[Start of Attachment]

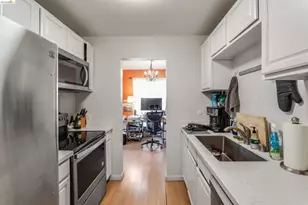 490 Civic Dr, Walnut Creek, CA 94596 - Photo 10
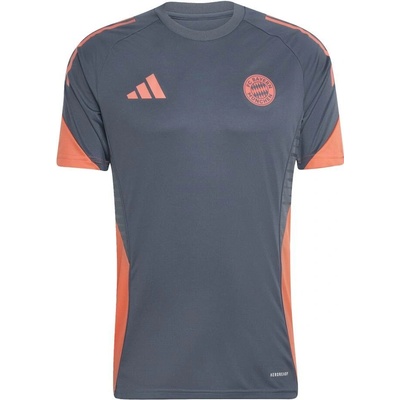 adidas Tréninkový dres BAYERN MNICHOV boonix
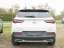 Opel Grandland X 1.2 Turbo Innovation Turbo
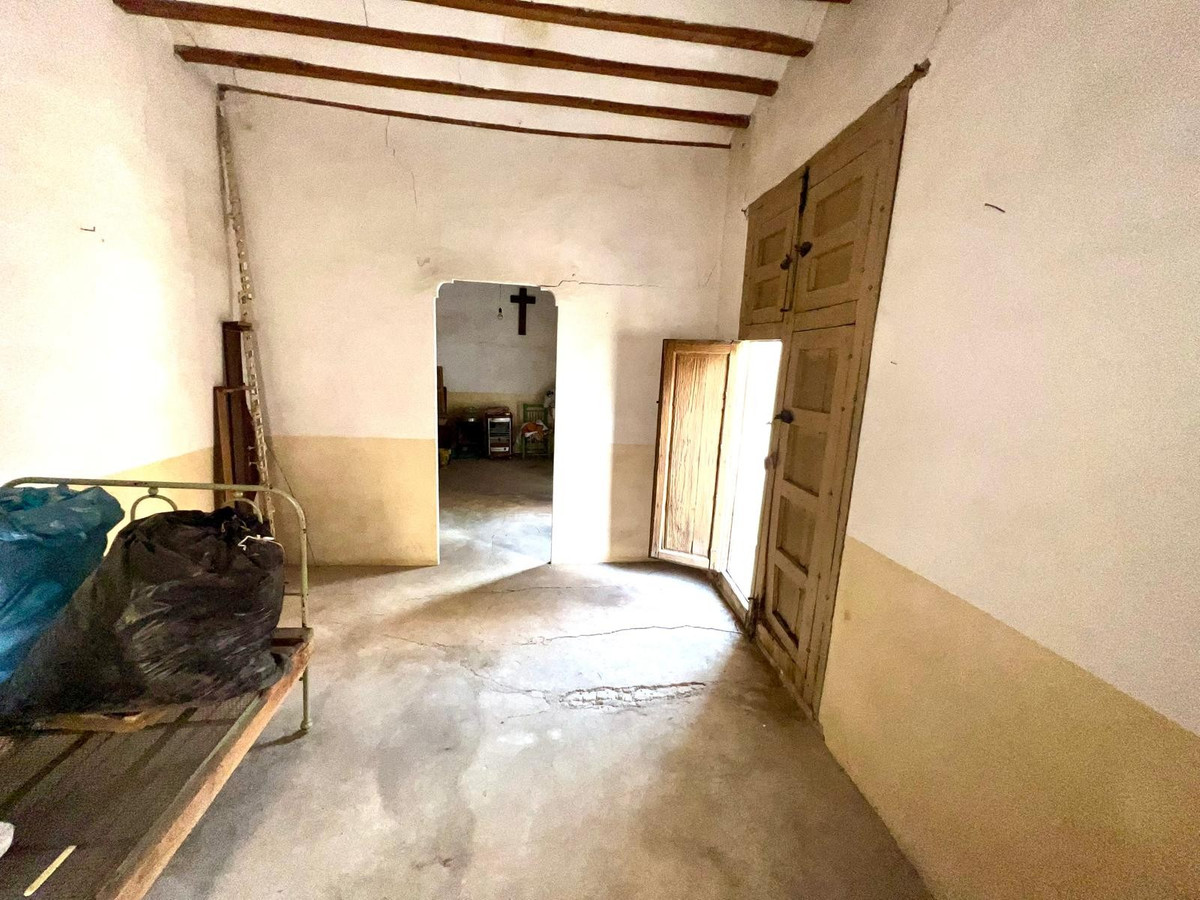 Se vende Adosada de 8 dormitorios en Costa Blanca, Alicante, España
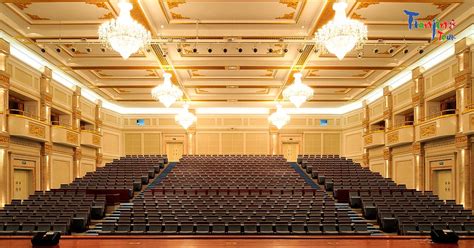 天津和平区营销口才培训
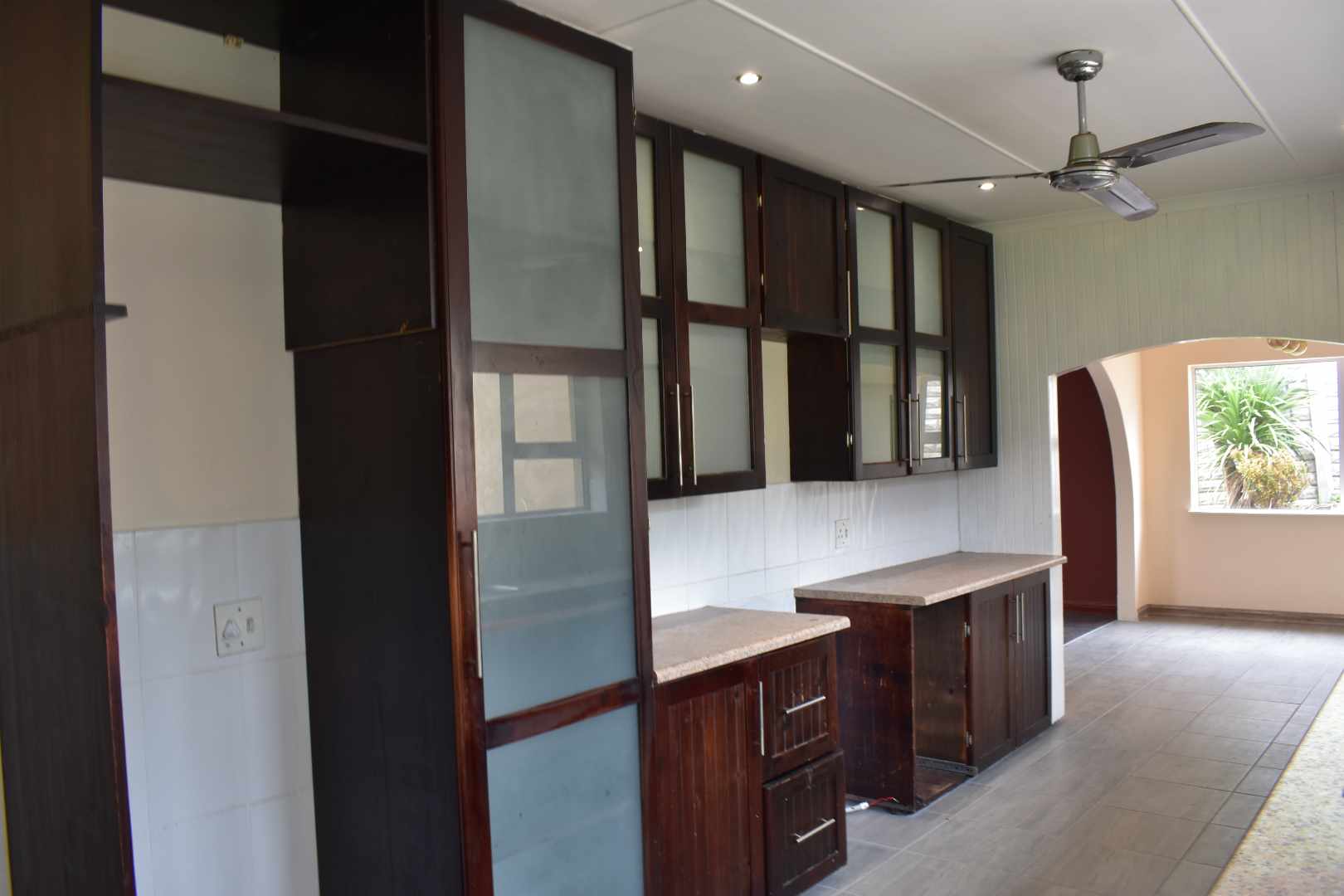 4 Bedroom Property for Sale in Beacon Bay Eastern Cape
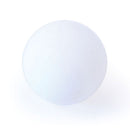 Football Table - Spare Ball 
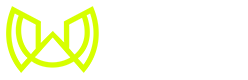 United Web Developers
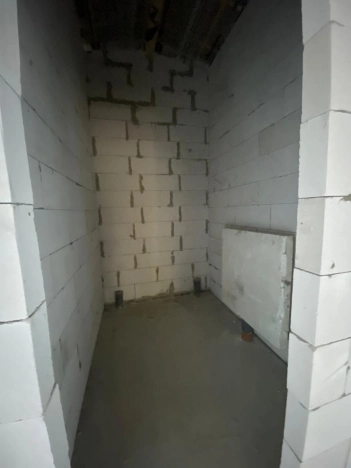 Купить дом на улице 2-й Аллейный проезд в Рязани. Вариант № 3942012, 9, площадь -  квм, цена 9500000 рублей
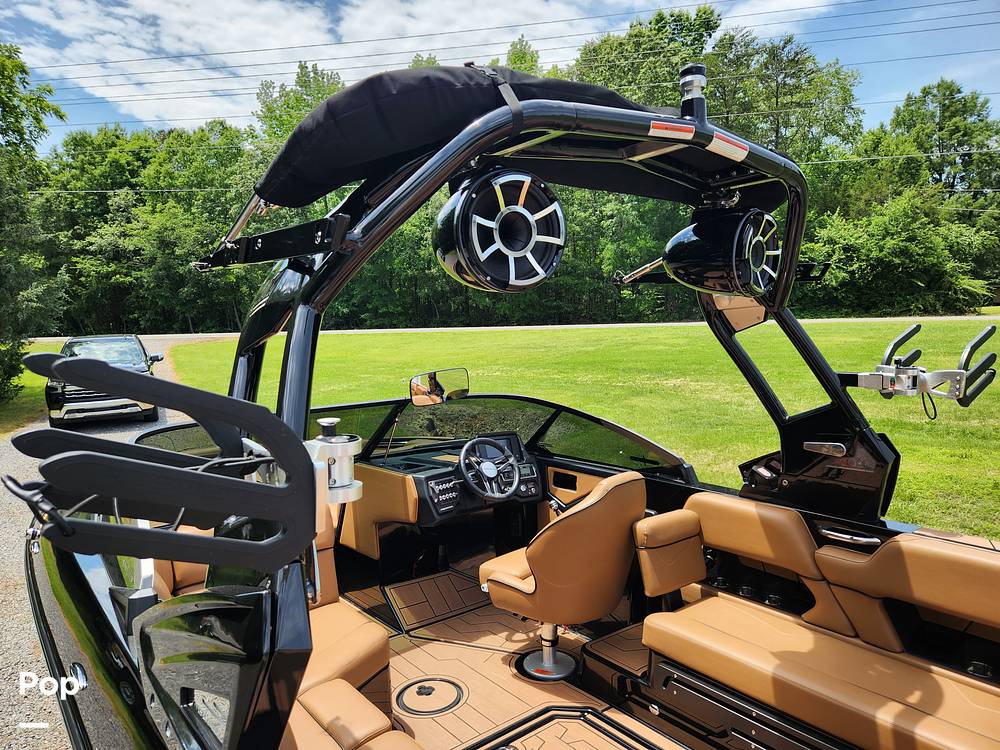 Slide: The Image of Moomba 25 Makai 2022 - 15494834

[End of Attachment]

◆ ASSIGNMENT ◆
Exclude images and repeat all entries exactly.

◆ ANSWER AREA ◆
 490 Civic Dr, Walnut Creek, CA 94596 - Photo 10
 adidas Tréninkový dres BAYERN MNICHOV boonix
 Opel Grandland X 1.2 Turbo Innovation Turbo
 Se vende Adosada de 8 dormitorios en Costa Blanca, Alicante, España
 天津和平区营销口才培训
 4 Bedroom Property for Sale in Beacon Bay Eastern Cape
 Football Table - Spare Ball 
 United Web Developers
 Купить дом на улице 2-й Аллейный проезд в Рязани. Вариант № 3942012, 9, площадь -  квм, цена 9500000 рублей
 Slide: The Image of Moomba 25 Makai 2022 - 15494834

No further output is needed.